_Information shown_
= = =

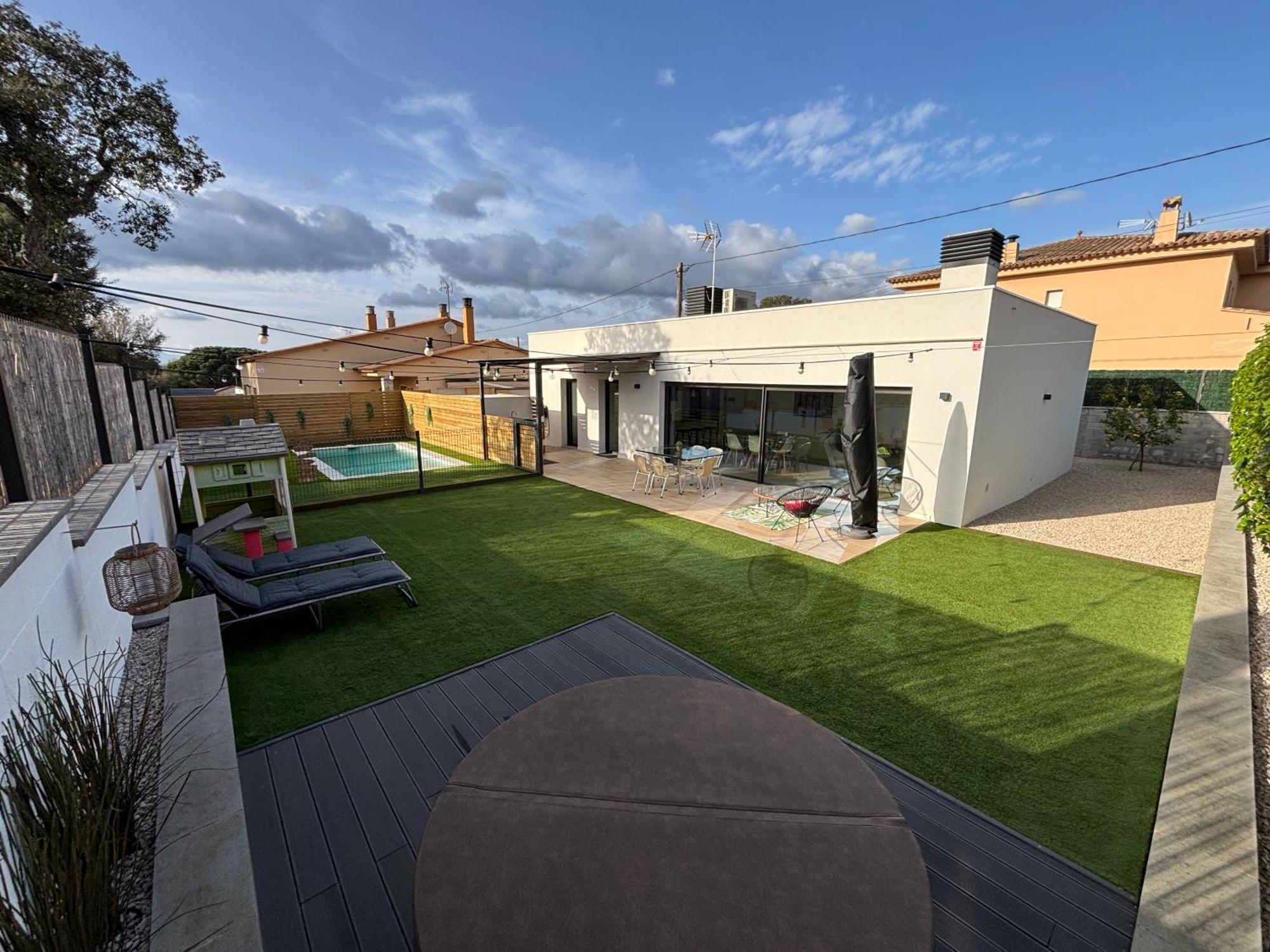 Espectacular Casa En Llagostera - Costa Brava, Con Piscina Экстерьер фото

= = =

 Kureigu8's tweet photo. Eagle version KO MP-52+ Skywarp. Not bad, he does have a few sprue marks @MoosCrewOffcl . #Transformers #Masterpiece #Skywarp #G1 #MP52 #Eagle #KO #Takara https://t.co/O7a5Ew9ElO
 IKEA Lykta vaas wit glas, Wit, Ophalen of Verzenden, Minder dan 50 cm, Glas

= = =

_Exercise brief_
Of the lines above, output exactly those from the line bearing "Kureigu8's tweet photo." through the line bearing "IKEA Lykta vaas", inclusive.

_Output of the exercise_
 Kureigu8's tweet photo. Eagle version KO MP-52+ Skywarp. Not bad, he does have a few sprue marks @MoosCrewOffcl . #Transformers #Masterpiece #Skywarp #G1 #MP52 #Eagle #KO #Takara https://t.co/O7a5Ew9ElO
 IKEA Lykta vaas wit glas, Wit, Ophalen of Verzenden, Minder dan 50 cm, Glas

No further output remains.